Se Fabiano è ottimista, non da meno è il suo coach. In generale il morale della truppa è buono, durante gli allenamenti si colgono concentrazione e attenzione ma anche la giusta serenità. Giorgio Roselli lo sa e crede ciecamente nella squadra e nel suo lavoro e lo dice a chiare lettere: -“In settimana sono uscite delle voci su un mio possibile allontanamento, cosa del tutto normale quando le cose non vanno per il verso giusto.
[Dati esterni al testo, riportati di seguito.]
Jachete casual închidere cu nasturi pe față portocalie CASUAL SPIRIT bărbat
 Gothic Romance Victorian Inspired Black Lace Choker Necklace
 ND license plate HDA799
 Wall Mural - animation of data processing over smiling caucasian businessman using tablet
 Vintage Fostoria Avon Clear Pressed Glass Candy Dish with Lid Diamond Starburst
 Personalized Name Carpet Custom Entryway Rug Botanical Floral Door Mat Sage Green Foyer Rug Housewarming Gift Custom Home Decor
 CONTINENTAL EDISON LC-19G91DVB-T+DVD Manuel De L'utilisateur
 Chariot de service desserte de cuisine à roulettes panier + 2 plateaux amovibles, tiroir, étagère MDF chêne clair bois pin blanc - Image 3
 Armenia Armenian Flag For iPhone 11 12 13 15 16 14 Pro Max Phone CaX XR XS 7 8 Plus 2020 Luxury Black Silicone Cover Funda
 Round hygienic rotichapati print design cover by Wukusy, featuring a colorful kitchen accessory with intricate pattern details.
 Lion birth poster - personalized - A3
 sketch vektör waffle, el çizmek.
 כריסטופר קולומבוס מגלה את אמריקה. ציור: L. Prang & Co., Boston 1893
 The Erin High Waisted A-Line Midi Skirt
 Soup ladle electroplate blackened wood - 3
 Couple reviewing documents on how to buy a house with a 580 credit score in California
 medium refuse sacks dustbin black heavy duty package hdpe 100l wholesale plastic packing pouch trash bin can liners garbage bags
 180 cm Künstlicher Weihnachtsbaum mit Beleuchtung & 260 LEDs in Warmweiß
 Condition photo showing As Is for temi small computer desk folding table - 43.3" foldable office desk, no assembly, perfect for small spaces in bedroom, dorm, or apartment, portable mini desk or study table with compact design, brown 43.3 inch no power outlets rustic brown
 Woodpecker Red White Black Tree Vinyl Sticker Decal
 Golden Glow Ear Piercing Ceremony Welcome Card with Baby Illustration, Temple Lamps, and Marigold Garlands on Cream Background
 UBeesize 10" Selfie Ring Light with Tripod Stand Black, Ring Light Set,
Ma io sono pronto a scommettere che riprenderemo a giocare meglio e a far punti fin da subito. Dico questo perché ho enorme fiducia nella società, nei miei ragazzi e conosco bene anche il sottoscritto. Non è questa la prima volta che devo affrontare certe situazioni e so come venirne fuori. Dopotutto il momento attuale mi ricorda molto la passata stagione, dalla sconfitta con il San Marino allo scialbo pareggio con la Giacomense. Allora ottenemmo due punti in tre partite giocando malissimo. Però poi tutti ricorderete come ne siamo venuti fuori…”.

Gianni Fabiano, 25 anni, riprende il suo posto nel centrocampo giallorosso


La formazione. Non è ancora dato sapere con certezza con che modulo lo staff tecnico stia preparando la determinante partita di Sacile. È noto che il passaggio al 4-3-1-2 sia stato dettato dall’esigenza di mettere Anaclerio nelle condizioni di rendere al meglio diventando il perno del Soccer Team. Se non fosse per questo motivo Roselli avrebbe tirato dritto per la strada del 4-4-2 che tante soddisfazioni gli aveva regalato la scorsa stagione. L’assenza del forte playmaker potrebbe quindi indurre Roselli a tornare sui suoi passi riportando Fabiano nel suo ruolo che conosce meglio, cioè di esterno a destra, con Beccia largo dalla parte opposta ad occuparsi con maggior insistenza dei cross per la testa di un Graziani in netto progresso. Dato per certo il forfait di Zanetti, spazio dal primo minuto a Pellizzer. A centrocampo è in preallarme anche Andrea Vecchio seppur non ancora al 100%. Per questo sembra più probabile sia consegnata a Drudi una maglia da titolare in vista di una staffetta proprio con l’ex capitano della Pro Patria. In attacco sicura la coppia Graziani - Guariniello con La Grotteria, vittima di un pestone nell’allenamento di ieri, pronto a subentrare a partita in corso.